Go through the data below and transcribe it exactly. Omit the images.
[ENTRIES SHOWN]
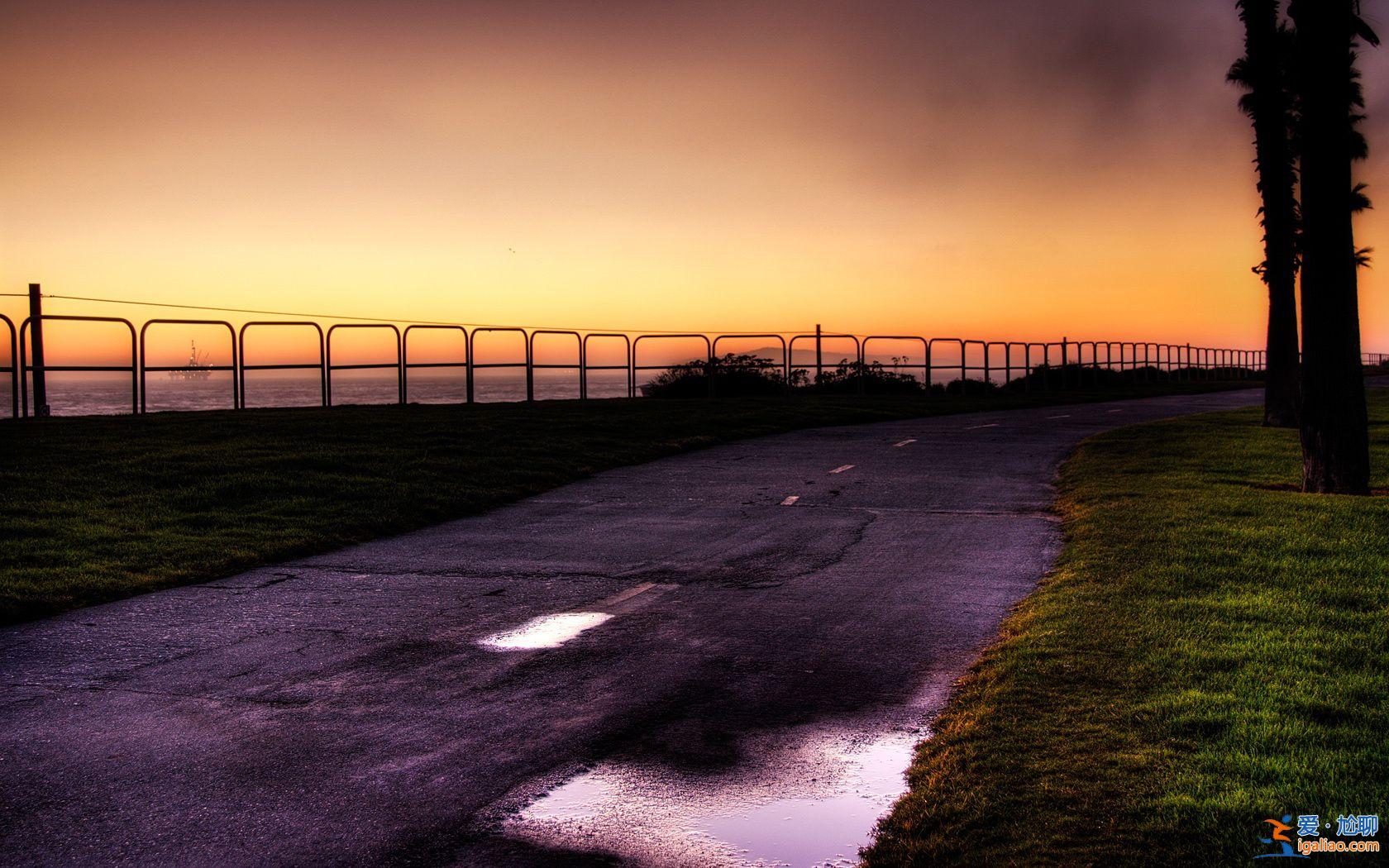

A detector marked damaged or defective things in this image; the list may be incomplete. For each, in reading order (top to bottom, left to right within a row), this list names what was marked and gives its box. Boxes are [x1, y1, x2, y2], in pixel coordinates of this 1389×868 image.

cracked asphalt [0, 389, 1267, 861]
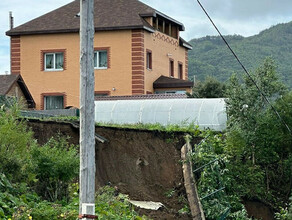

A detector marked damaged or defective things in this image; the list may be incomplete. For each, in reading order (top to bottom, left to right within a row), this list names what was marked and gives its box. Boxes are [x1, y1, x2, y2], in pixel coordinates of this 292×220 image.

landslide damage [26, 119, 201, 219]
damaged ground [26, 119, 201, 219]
[/ENTRIES SHOWN]
## SOLVED PROBLEM
A detector marked damaged or defective things in this image; the list may be incomplete. For each, in reading order (top to bottom, left to right within a row), this list names what was marked and gives its box. Boxes are [x1, y1, x2, y2], in pixel coordinates of this 1389×868 image.

cracked asphalt [0, 389, 1267, 861]

A detector marked damaged or defective things in this image; the list may be incomplete. For each, in reading order (top to bottom, left to right within a row), this list names what was marked and gives its box. Boxes are [x1, y1, x2, y2], in pixel coordinates of this 292×220 image.

landslide damage [26, 119, 201, 219]
damaged ground [26, 119, 201, 219]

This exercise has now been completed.